Aim of the task:
Sort through the data and copy the lines holding the word "chairs".

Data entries
####
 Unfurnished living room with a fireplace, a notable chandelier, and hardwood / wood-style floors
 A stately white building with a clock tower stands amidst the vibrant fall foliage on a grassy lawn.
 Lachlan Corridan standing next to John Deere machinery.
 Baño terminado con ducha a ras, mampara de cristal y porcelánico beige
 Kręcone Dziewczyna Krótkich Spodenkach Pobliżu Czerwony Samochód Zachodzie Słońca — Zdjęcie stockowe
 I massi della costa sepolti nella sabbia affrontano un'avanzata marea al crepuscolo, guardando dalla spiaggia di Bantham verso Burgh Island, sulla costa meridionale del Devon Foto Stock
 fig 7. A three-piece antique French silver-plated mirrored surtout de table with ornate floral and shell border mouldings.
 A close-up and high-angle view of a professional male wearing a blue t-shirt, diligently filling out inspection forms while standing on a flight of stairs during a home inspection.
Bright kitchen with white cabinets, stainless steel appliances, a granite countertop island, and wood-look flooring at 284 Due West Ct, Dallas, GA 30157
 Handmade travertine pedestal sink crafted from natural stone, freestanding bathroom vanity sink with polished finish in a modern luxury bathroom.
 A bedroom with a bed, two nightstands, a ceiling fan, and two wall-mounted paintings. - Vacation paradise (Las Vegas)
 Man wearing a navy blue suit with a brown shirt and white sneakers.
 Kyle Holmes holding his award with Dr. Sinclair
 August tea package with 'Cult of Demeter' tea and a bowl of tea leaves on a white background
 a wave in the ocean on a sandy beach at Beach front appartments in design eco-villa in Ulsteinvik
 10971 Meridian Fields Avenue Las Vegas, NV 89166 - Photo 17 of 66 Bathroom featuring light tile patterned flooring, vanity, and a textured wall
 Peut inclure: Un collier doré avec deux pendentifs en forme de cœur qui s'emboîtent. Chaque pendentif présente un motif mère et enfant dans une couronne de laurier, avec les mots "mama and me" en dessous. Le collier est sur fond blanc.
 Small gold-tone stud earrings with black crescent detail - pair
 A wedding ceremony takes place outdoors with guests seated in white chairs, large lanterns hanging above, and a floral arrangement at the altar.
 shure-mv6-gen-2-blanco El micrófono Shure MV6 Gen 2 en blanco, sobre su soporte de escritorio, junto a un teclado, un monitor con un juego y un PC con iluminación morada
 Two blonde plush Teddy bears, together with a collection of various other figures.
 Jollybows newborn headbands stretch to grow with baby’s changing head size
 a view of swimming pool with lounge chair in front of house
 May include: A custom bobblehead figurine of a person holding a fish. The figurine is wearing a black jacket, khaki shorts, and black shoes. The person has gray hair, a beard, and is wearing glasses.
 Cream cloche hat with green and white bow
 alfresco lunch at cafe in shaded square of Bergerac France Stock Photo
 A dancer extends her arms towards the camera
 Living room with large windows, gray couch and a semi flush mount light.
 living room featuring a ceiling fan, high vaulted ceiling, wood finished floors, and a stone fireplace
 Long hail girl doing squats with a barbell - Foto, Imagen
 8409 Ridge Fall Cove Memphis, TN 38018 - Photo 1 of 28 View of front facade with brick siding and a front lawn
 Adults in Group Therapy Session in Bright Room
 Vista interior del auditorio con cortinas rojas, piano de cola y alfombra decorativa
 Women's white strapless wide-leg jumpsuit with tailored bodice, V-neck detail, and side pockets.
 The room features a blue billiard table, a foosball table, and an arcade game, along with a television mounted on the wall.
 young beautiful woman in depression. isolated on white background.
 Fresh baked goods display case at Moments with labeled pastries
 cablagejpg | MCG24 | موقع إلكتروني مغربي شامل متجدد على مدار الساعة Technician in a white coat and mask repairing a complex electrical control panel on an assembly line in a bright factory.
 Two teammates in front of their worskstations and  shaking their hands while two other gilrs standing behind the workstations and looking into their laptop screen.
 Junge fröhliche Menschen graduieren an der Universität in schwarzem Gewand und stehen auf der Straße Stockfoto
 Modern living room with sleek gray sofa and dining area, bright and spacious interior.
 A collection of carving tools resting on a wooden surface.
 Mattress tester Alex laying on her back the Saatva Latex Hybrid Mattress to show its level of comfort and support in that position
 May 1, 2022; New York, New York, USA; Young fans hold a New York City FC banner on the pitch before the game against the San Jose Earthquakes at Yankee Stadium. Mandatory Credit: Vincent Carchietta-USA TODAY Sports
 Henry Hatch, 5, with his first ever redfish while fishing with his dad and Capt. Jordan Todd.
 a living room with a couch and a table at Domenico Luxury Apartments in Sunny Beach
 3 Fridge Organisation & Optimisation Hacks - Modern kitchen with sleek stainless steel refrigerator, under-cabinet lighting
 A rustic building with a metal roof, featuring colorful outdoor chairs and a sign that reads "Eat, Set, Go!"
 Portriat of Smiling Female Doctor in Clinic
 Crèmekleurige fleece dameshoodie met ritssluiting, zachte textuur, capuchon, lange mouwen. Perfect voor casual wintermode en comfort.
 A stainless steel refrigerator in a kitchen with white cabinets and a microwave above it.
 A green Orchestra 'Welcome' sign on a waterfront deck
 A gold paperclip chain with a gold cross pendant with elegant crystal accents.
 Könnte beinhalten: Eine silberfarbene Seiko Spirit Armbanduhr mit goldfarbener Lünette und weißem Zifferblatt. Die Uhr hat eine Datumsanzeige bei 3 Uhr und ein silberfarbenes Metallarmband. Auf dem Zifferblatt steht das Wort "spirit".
####
Expected answer:
 A wedding ceremony takes place outdoors with guests seated in white chairs, large lanterns hanging above, and a floral arrangement at the altar.
 A rustic building with a metal roof, featuring colorful outdoor chairs and a sign that reads "Eat, Set, Go!"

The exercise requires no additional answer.